= Cheltenham Park Racecourse =

Horse racing track in Adelaide, South Australia

Grandstand

Finishing line

Bookmakers' ring

Cheltenham Park Racecourse was a horse racing track located in the suburb of Cheltenham in Adelaide, South Australia, between around 1921 and 2009.

==History==
The Port Adelaide Racing Club began thoroughbred racing at the course and in 1921 the club bought the site on which the course stands for £25,000. Administration of the course was taken over by the South Australian Jockey Club in 1975. The racecourse was also once served by now-demolished Cheltenham Racecourse railway station on the Outer Harbor railway line.

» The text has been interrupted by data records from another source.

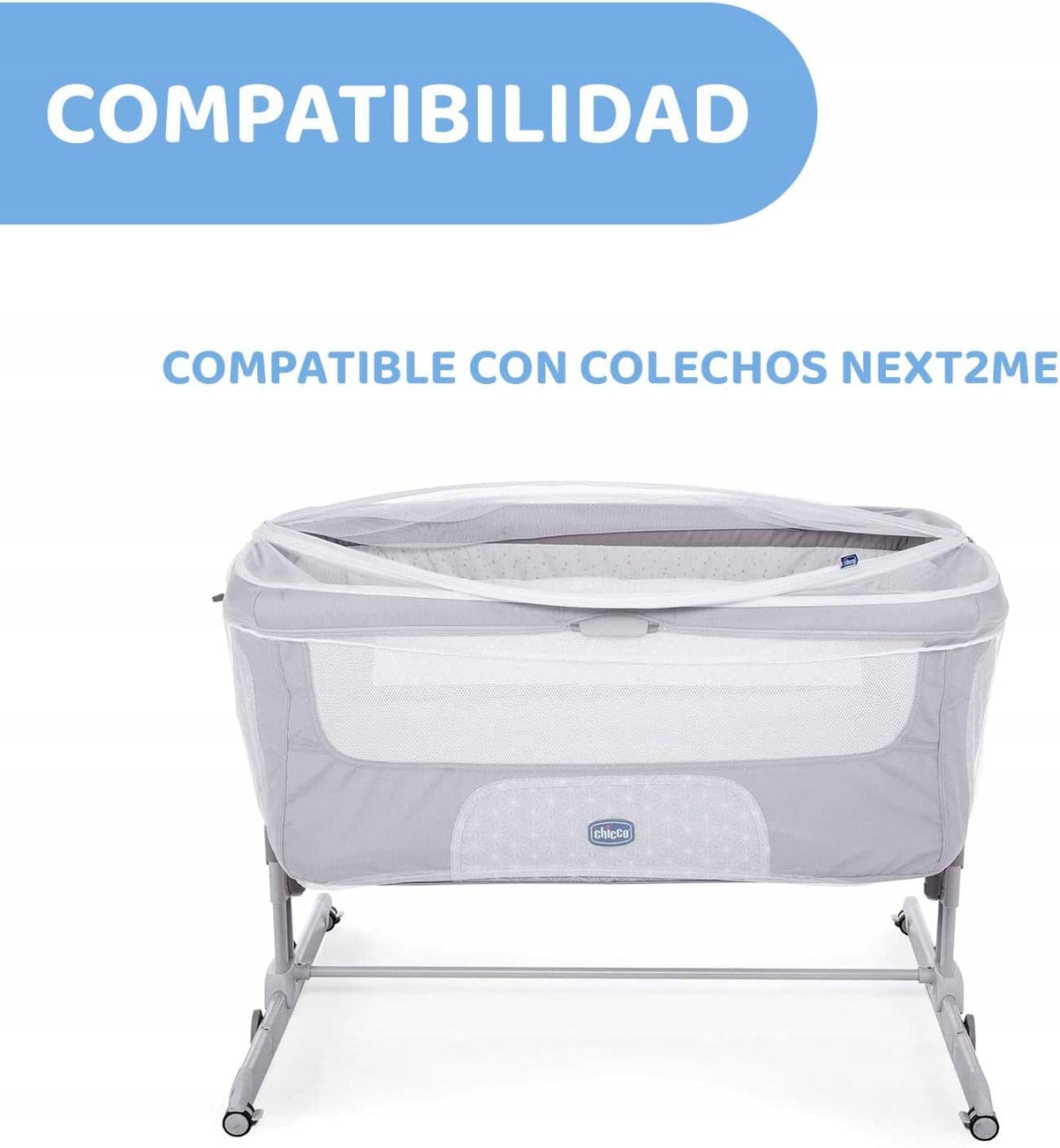 CHICCO NEXT2ME mosquito net for crib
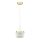 Κρεμαστό φωτιστικό οροφής LED ELEGANCE LED/9W/230V διάμετρος 15 cm χρυσό
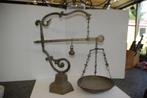 Balans weeg schalen, Antiek en Kunst, Antiek | Gereedschap en Instrumenten, Ophalen of Verzenden
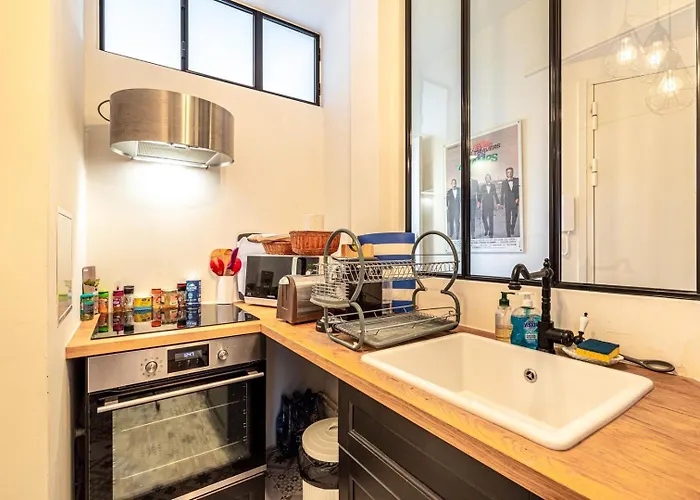 Guestready - Homely Near Montparnasse Tower Apartment Paris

In November 2007, the SAJC sold the racecourse land for A$85 million for a new housing development. It was proposed that the proceeds of the sale be used to help fund the Victoria Park Racecourse redevelopment. However, following the decision to abandon racing at Victoria Park, it was decided to use the money for further development at the Morphettville Racecourse.

On Saturday 21 February 2009 the last race meeting was held at the course before its official closure following the sale, and the area was redeveloped as part of the new suburb of St Clair.

==Location and description==
Cheltenham Park Racecourse was situated north-west of the centre of the city and approximately 5 km from Port Adelaide. The track was 2052 m in circumference, with a 325 m straight.

==Races==
The champion horse Tulloch became the first Australian horse to pass the £100,000 stakes mark when he won the S.J.Pullman Stakes at the track in April 1961.

The Queen's Cup, a race held in different locations around the country since 1927 (originally the King's Cup), was held at Cheltenham for the first time in 1990 (incorrectly described as "a new race in Adelaide called the Queen's Cup" by The Canberra Times), and was subsequently held there in some years before its closure.